→ **DIRECTIONS**
Begin with the line holding "マハーバーラタ 6 第6巻(1-117章): 原典訳 (ちくま学芸文庫 マ", then print every line after it through the end of the data, exactly and with nothing added.

DATA FOR ANALYSIS: Begin

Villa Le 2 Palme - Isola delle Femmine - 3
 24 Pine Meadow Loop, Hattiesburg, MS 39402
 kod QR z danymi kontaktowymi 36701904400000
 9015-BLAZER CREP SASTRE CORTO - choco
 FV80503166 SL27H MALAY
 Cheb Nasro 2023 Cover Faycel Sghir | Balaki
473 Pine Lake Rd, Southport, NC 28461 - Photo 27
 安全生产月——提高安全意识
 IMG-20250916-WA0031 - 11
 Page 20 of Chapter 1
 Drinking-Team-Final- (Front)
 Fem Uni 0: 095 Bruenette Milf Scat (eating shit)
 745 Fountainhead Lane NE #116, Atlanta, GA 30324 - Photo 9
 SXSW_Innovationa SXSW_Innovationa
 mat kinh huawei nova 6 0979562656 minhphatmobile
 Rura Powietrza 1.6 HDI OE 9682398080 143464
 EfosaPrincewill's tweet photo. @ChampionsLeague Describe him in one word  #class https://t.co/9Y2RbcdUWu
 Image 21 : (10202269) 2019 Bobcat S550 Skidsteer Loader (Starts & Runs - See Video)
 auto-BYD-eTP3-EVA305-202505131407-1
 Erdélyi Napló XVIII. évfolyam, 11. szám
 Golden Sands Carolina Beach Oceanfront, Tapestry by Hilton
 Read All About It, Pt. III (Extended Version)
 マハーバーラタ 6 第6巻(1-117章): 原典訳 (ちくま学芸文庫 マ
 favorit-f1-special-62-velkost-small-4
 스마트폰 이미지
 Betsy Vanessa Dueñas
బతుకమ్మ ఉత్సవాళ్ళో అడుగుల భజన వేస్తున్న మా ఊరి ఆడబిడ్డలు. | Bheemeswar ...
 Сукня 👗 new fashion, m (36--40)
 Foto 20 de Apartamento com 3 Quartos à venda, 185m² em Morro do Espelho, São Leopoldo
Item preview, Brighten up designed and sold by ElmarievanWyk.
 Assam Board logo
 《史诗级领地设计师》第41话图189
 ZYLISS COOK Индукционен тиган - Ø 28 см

DATA FOR ANALYSIS: End

→ **ANSWER TO THE EXERCISE**
 マハーバーラタ 6 第6巻(1-117章): 原典訳 (ちくま学芸文庫 マ
 favorit-f1-special-62-velkost-small-4
 스마트폰 이미지
 Betsy Vanessa Dueñas
బతుకమ్మ ఉత్సవాళ్ళో అడుగుల భజన వేస్తున్న మా ఊరి ఆడబిడ్డలు. | Bheemeswar ...
 Сукня 👗 new fashion, m (36--40)
 Foto 20 de Apartamento com 3 Quartos à venda, 185m² em Morro do Espelho, São Leopoldo
Item preview, Brighten up designed and sold by ElmarievanWyk.
 Assam Board logo
 《史诗级领地设计师》第41话图189
 ZYLISS COOK Индукционен тиган - Ø 28 см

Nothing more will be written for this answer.